# Advanced Learning

## Topic Modeling & LDA

#### Med Radhi Toujani  ----  Med Nacer Cherni  ----  Med Chiheb Bargaoui


We are going to apply LDA to a set of documents and split them into topics.

In [32]:
import pandas as pd
data = pd.read_csv('apple.txt',sep='\n',index_col=False,header=None);

data['headline_text'] = data[0]
data['index'] = data.index
data=data.drop(columns=[0])
documents = data


In [90]:
documents.head(10)

Unnamed: 0,headline_text,index
0,"LOVE U @APPLE,1.8\t",0
1,"Thank you @apple, loving my new iPhone 5S!!!!!...",1
2,.@apple has the best customer service.
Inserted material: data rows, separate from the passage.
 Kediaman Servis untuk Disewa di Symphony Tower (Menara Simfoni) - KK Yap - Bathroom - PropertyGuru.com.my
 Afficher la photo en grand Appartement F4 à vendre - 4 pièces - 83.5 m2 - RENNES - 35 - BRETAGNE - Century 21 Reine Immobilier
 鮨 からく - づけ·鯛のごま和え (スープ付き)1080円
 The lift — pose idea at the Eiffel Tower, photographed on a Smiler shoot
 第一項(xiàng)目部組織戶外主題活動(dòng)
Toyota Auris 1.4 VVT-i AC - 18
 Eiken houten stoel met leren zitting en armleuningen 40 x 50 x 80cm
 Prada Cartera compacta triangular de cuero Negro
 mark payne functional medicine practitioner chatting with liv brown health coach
In and ...,2
3,@apple ear pods are AMAZING! Best sound from i...,3
4,Omg the iPhone 5S is so cool it can read your ...,4
5,"the iPhone 5c is so beautiful <3 @Apple,1.6\t",5
6,#AttributeOwnership is exactly why @apple will...,6
7,Just checked out the specs on the new iOS 7......,7
8,I love the new iOS so much!!!!! Thnx @apple @p...,8
9,"Can't wait to get my #Iphone5S!!! @apple,1.6\t",9


In [36]:
import gensim
from gensim.utils import simple_preprocess
from gensim.parsing.preprocessing import STOPWORDS
from nltk.stem import WordNetLemmatizer, SnowballStemmer
from nltk.stem.porter import *
import numpy as np
np.random.seed(2018)
import nltk
nltk.download('wordnet')

[nltk_data] Downloading package wordnet to C:\Users\Radhi
[nltk_data]     Toujani\AppData\Roaming\nltk_data...
[nltk_data]   Package wordnet is already up-to-date!


True

In [60]:
def lemmatize_stemming(text):
    snowballStemmer = SnowballStemmer(language='english')
    return snowballStemmer.stem(WordNetLemmatizer().lemmatize(text, pos='v'))

def preprocess(text):
    result = []
    for token in gensim.utils.simple_preprocess(text):
        if token not in gensim.parsing.preprocessing.STOPWORDS and len(token) > 3:
            result.append(lemmatize_stemming(token))
    return result

In [62]:
doc_sample = documents[documents['index'] == 99].values[0][0]
print('original document: ')
words = []
for word in doc_sample.split(' '):
    words.append(word)
print(words)
print('\n\n tokenized and lemmatized document: ')
print(preprocess(doc_sample))

original document: 
['So', 'glad', '@apple', 'now', 'offers', 'the', 'iPhone', 'in', 'multiple', 'colors', 'because', 'god', 'forbid', 'they', 'actually', 'spend', 'resources', 'improving', 'the', 'network', 'capability.,0.6\t']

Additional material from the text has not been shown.